▸ Directions for this task
Using only the entries below, copy exactly the lines that begin at the one with "Funny Scotland Is" and end at the one with "Men's Striped Memory", both included. Drop the pictures.

▸ Data supplied
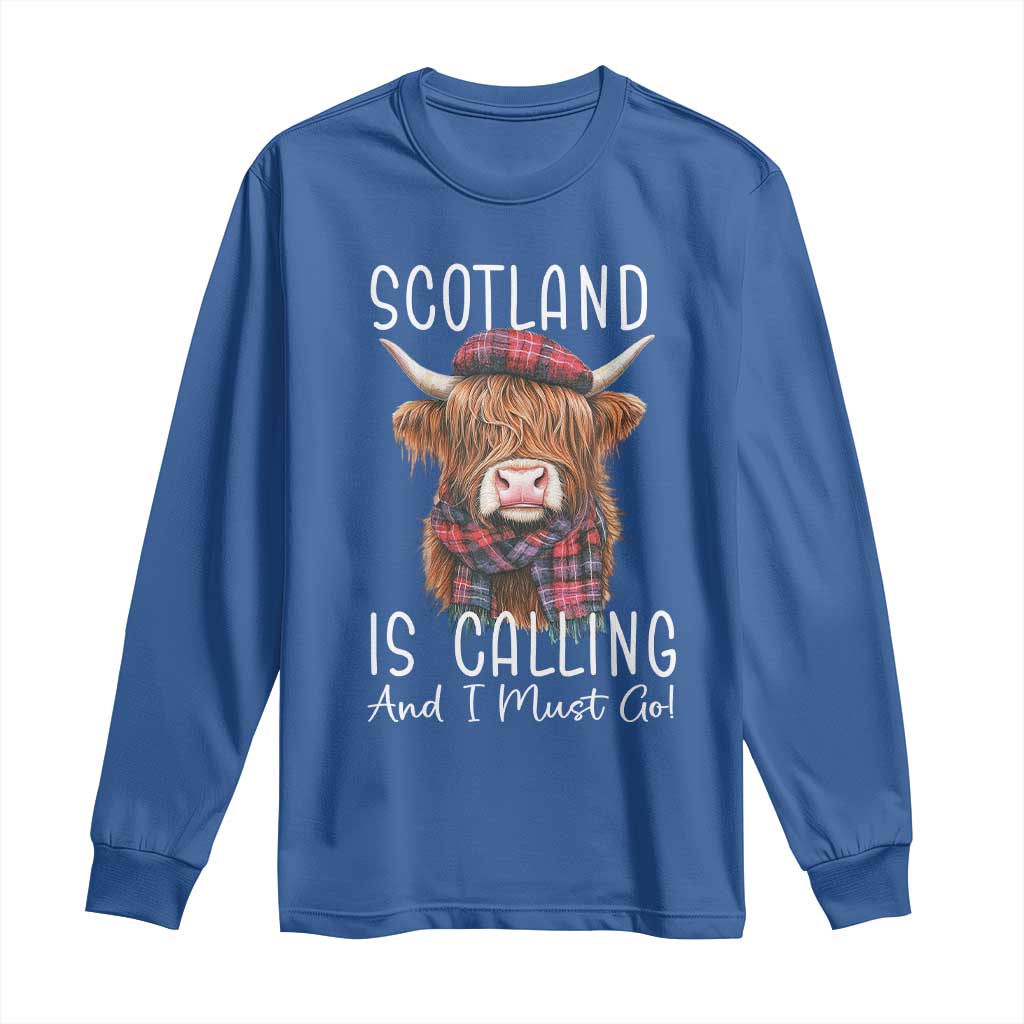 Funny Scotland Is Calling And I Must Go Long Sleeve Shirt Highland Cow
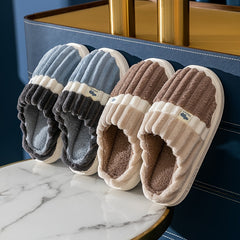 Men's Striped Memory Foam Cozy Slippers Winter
--
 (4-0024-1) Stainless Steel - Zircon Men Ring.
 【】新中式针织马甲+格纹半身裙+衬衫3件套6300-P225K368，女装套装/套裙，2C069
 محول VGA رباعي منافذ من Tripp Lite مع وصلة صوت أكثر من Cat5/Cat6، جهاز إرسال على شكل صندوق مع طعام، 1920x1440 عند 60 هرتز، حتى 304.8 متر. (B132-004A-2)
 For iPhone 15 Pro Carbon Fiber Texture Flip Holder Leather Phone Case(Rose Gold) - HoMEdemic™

▸ Problem solution
 Funny Scotland Is Calling And I Must Go Long Sleeve Shirt Highland Cow
 Men's Striped Memory Foam Cozy Slippers Winter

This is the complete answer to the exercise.